• REQUIREMENT:
When you repeat the listing below, keep every word exactly and leave out each picture.

• DATA SHOWN:
*** Begin section ***

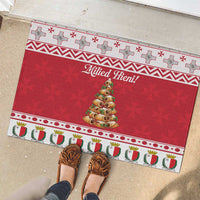 Traditional Maltese Imqaret Pastry Rubber Doormat Malta Imqaret Christmas Tree - Wonder Print Shop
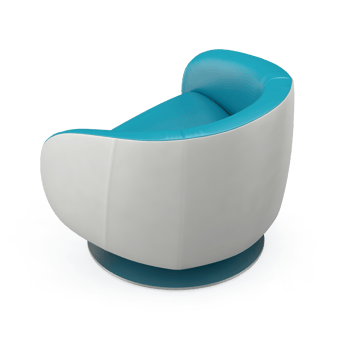 Isometric Armchair Isolated 3D render png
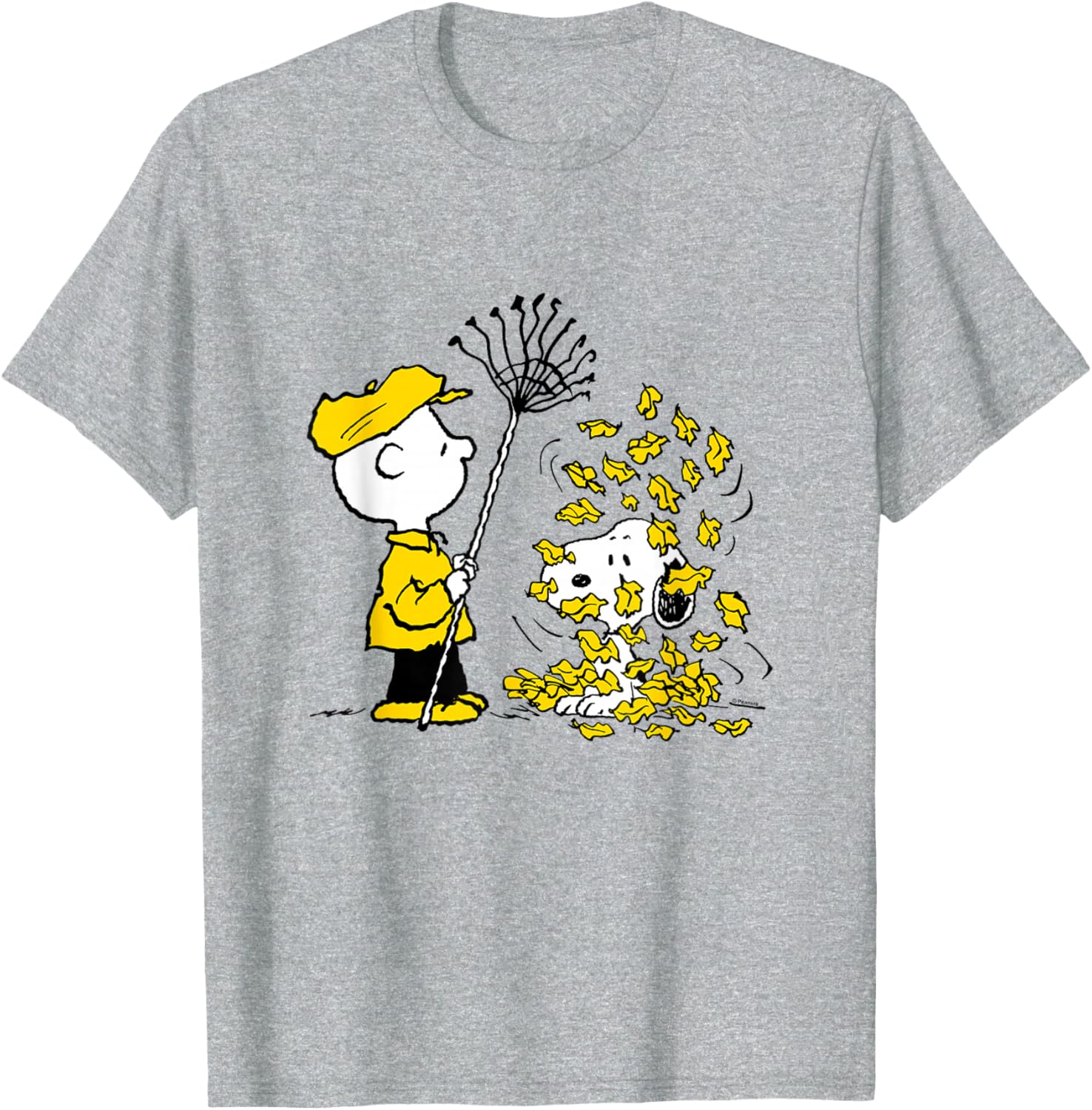 Charlie Brown Snoopy Fall Leaves T-Shirt Perfect for Peanuts Fans - 7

*** End section ***

• RESPONSE TO THIS EXERCISE:
 Traditional Maltese Imqaret Pastry Rubber Doormat Malta Imqaret Christmas Tree - Wonder Print Shop
 Isometric Armchair Isolated 3D render png
 Charlie Brown Snoopy Fall Leaves T-Shirt Perfect for Peanuts Fans - 7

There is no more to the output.